Saturday, October 7, 2017

Achieving Perfection

Lodged deep within the dark recesses of my mind lies the image of Pat, the perfect writer; an imaginary writer against whom I am continually comparing myself.

Pat never lacks for a story idea and executes each with flair, always picking the proper word on the first or second draft, executing a knowledge of the English language with lyrical descriptive passages that somehow do not detract from the execution of a well composed plot. Pat does not spend hours and hours sweating over text but dashes off a few pages before taking a break to converse with agents, editors, and fans and then returns to glance over what has been produced before departing for dinner with friends, leaving an immaculate desktop behind, the computer sleeping while digesting the  portion of a masterpiece it has been fed.

Pat earns enough from writing to pay the bills and never has to take time off to transport spouse or kids to the doctor, market, or some damn PTA thing or other.  Pat's life is orderly and calm so that nothing ever interferes with the hours of pleasurable writing that structure the day.  At night, Pat sleeps soundly and is never beset with nightmares or worse, niggling self-doubts about the passages crafted during the day.

Pat has a wonderful career, with works appearing with great regularity in magazines and thick print novels (in hardback, of course). Pat is sought for panels at all the large conventions where long lines appear at the signing table where Pat never fails to write astonishingly gracious bon mots to accompany the flourishing signature in each and every volume.
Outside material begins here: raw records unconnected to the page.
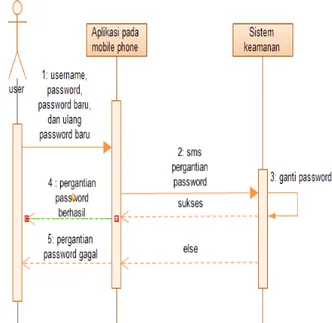 Gambar 7.   Sequence diagram fitur mengunci pintu 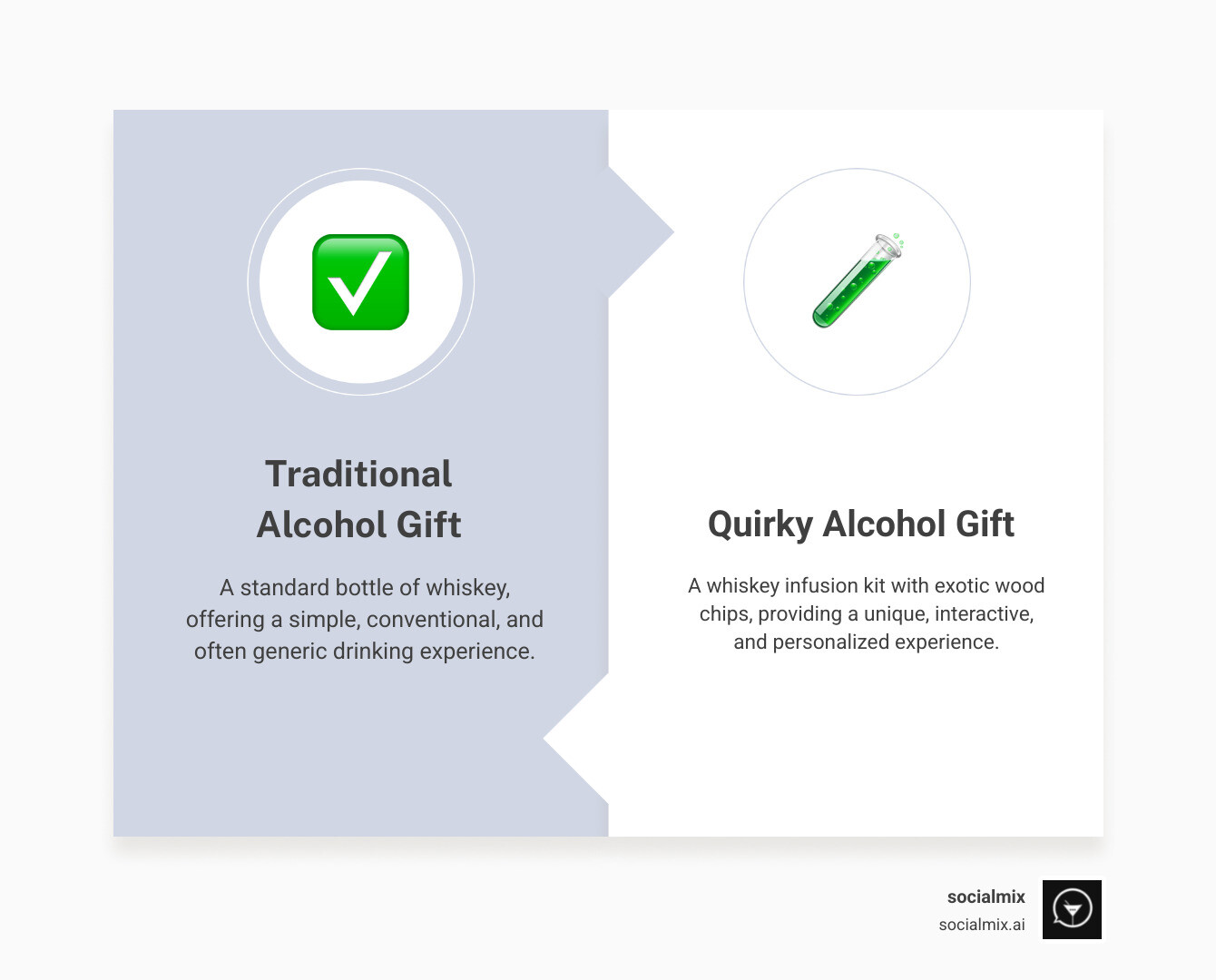 Infographic showing the difference between traditional alcohol gifts like a standard bottle of whiskey versus quirky alternatives like whiskey infusion kits with exotic wood chips, DIY gin-making sets with botanicals, and interactive cocktail smoking kits - quirky alcohol gifts infographic comparison-2-items-formal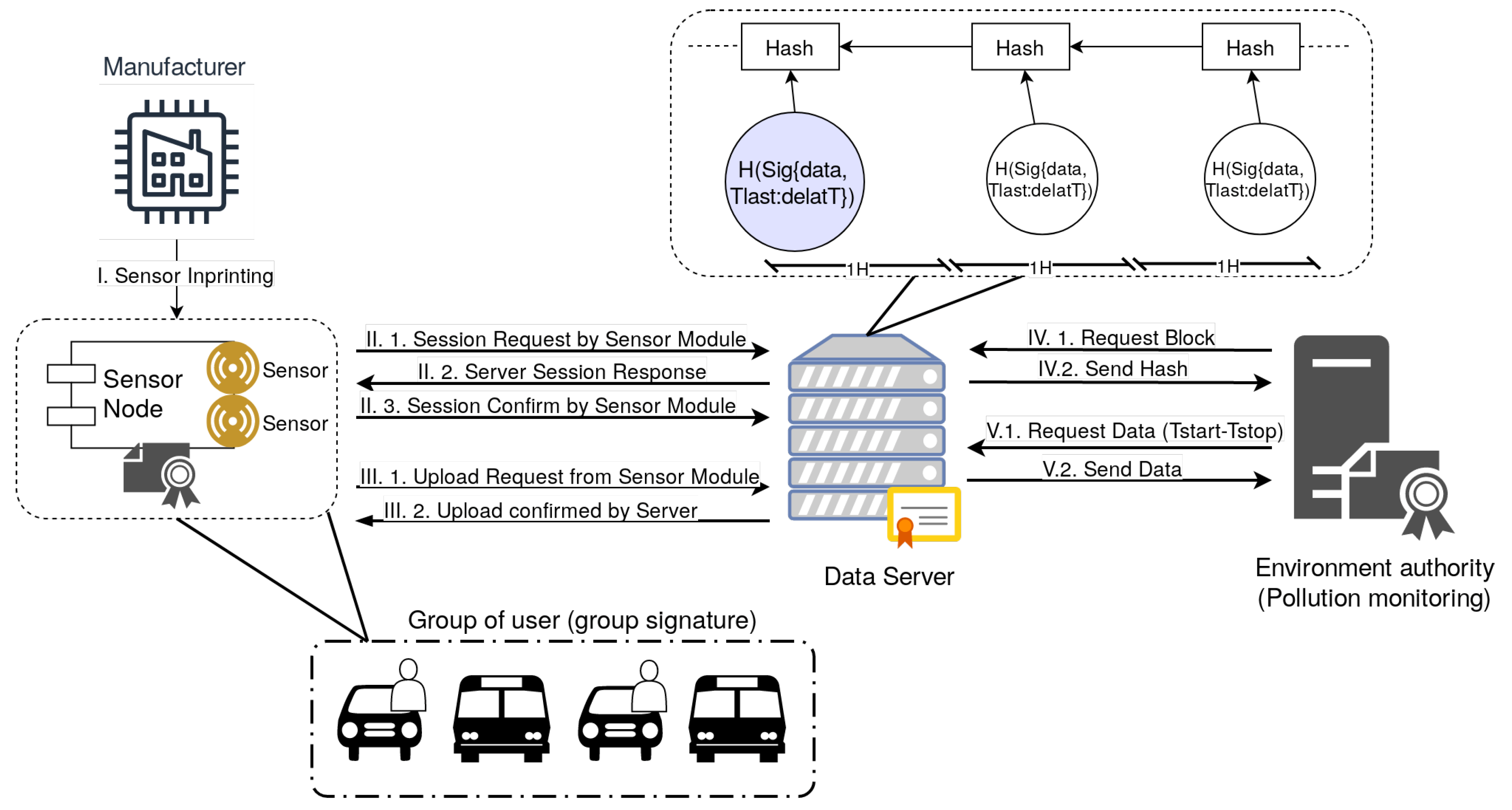 Sensors 20 00403 g002 Sensors 20 00403 g002
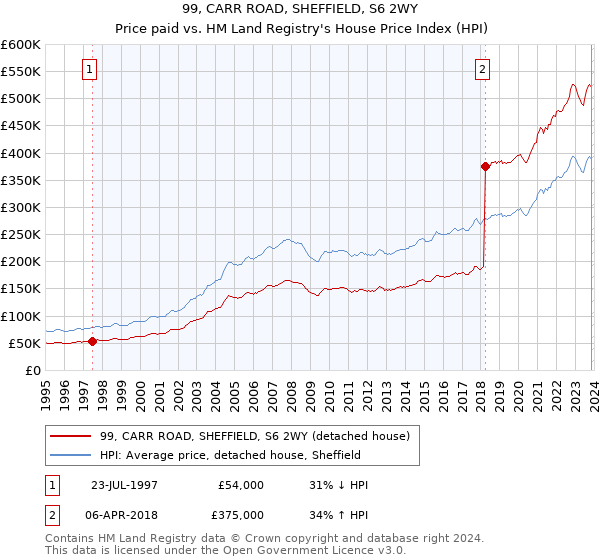 99, CARR ROAD, SHEFFIELD, S6 2WY: Price paid vs HM Land Registry's House Price Index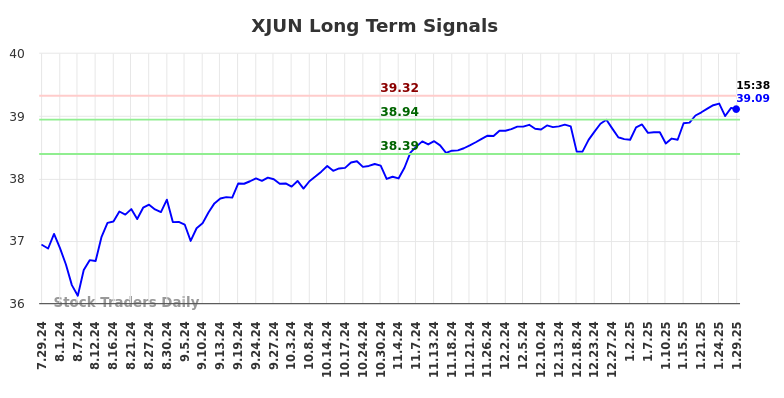 XJUN Long Term Analysis for January 30 2025
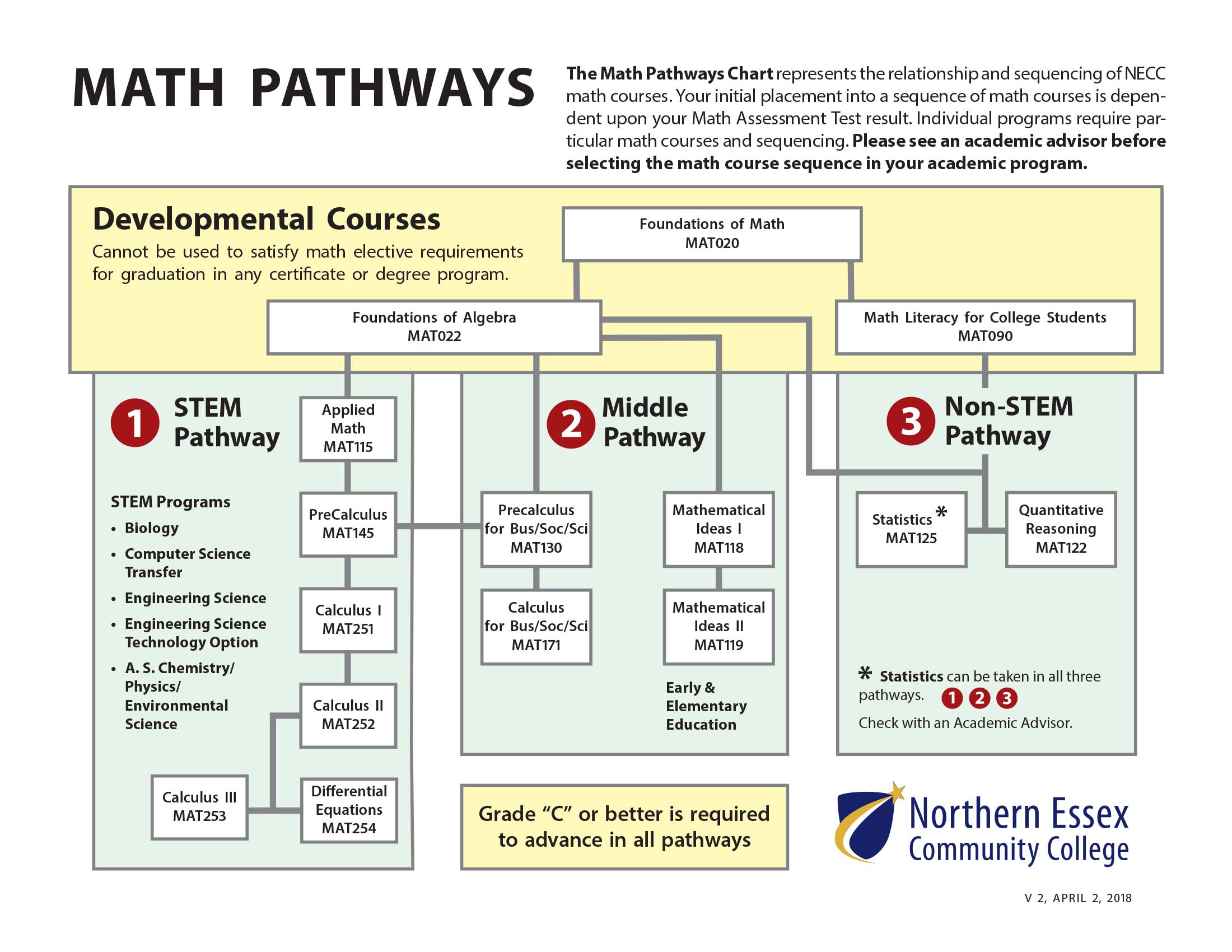 Northern Essex Community College Math Pathways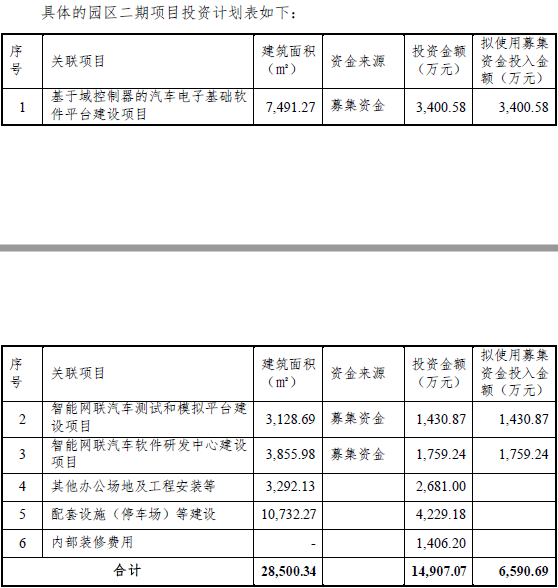 光庭培训引领行业新风向
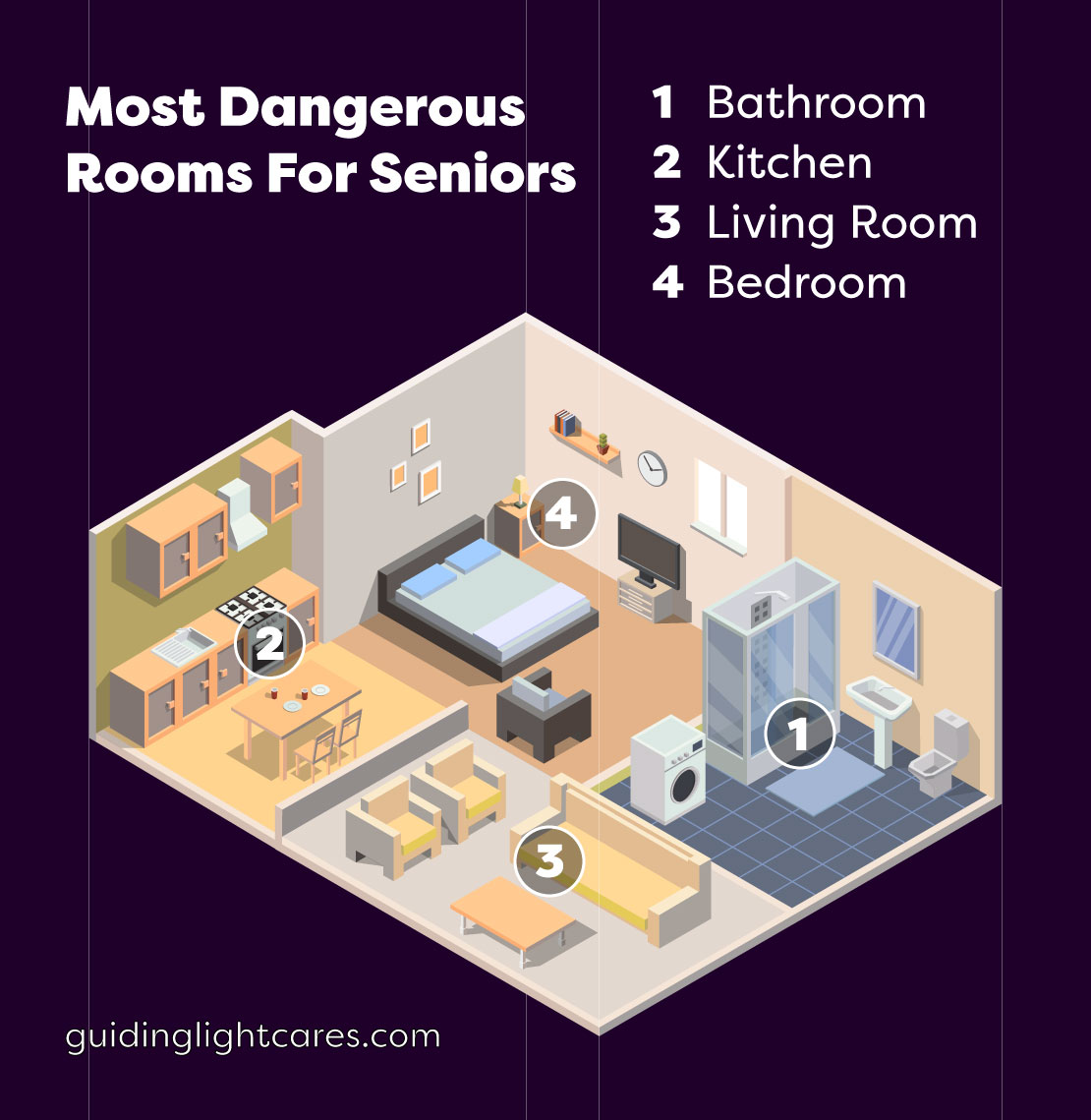 Guiding Light Dangerous Rooms Infographic
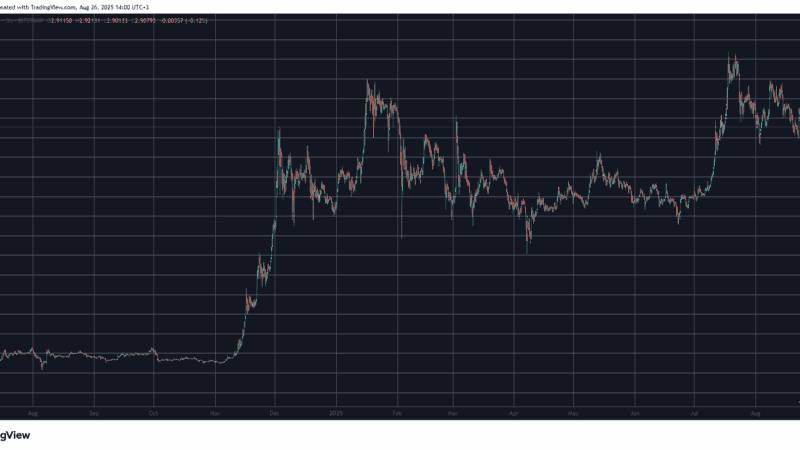 We Asked 3 AIs If Ripple’s (XRP) Best Days Are Over in 2025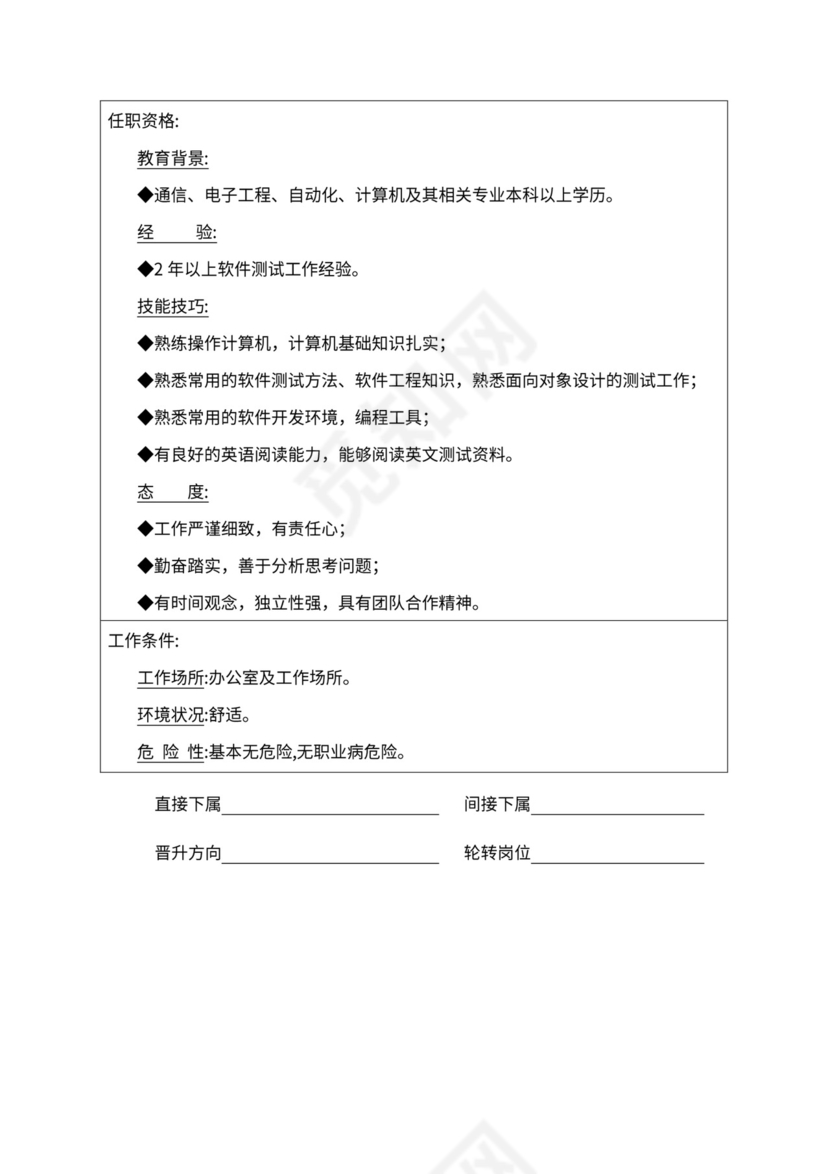 人事管理职位说明书与绩效考核范本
I fail to measure up to any of Pat's attributes.  My writing schedule is erratic and the proper words are ever evasive, forcing me to use those of less force or meaning. I lie awake at night worrying about editors taking too long to make decisions, worrying that a magazine will fold before my story ever sees print, worried that the latest piece I sent obviously needed more work so I shouldn't have been so hasty to send it off, worrying that I am not spending enough time on my writing, my family, my job and all of that, all of the foregoing, crashes around my head as I struggle to mold one word after another into something that seems to make sense in draft after draft.

 Yet, despite all the negativity, all the demeaning aspects of writing, I nevertheless find it endlessly fascinating to wrest sense from thought and then to hone that rough nugget of raw draft through repeated edits until the precious jewel within is revealed.

That is why I write despite the niggling image of Pat in my head.